▸ **Records to use**:
=== Begin Enclosure ===

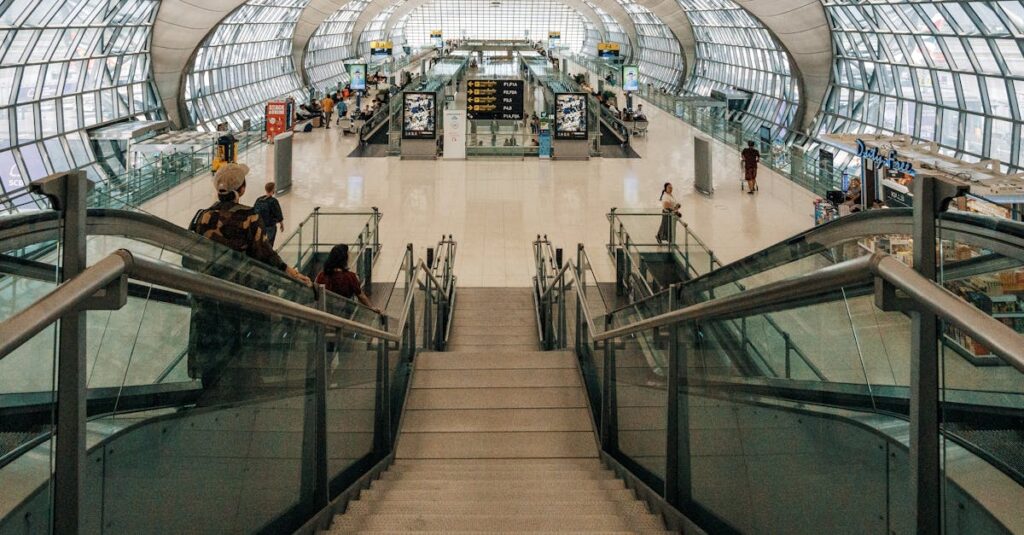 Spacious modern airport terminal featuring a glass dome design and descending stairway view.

=== End Enclosure ===
=== Begin Enclosure ===

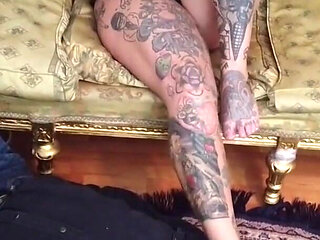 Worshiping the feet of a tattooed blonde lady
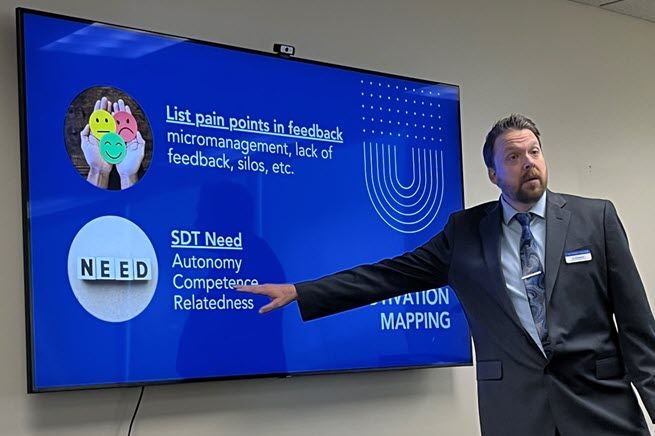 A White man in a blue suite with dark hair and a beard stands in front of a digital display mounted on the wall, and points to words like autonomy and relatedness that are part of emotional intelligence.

=== End Enclosure ===
=== Begin Enclosure ===

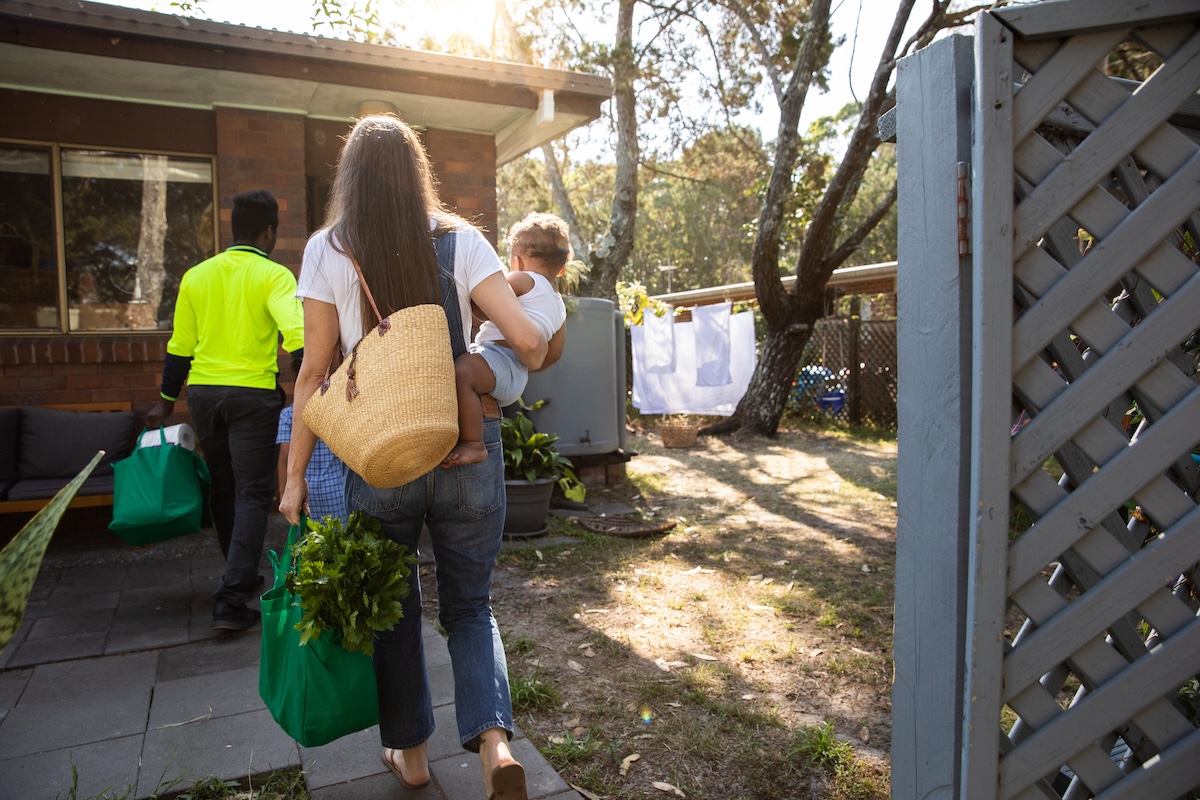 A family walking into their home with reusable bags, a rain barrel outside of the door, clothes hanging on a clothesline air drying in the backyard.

=== End Enclosure ===

▸ **Exercise description**: Where a picture appears in the records above, omit it, and transcribe exactly the stretch of lines from the one with "Worshiping the feet" through the one with "A White man".

▸ **Task response**:
 Worshiping the feet of a tattooed blonde lady
 A White man in a blue suite with dark hair and a beard stands in front of a digital display mounted on the wall, and points to words like autonomy and relatedness that are part of emotional intelligence.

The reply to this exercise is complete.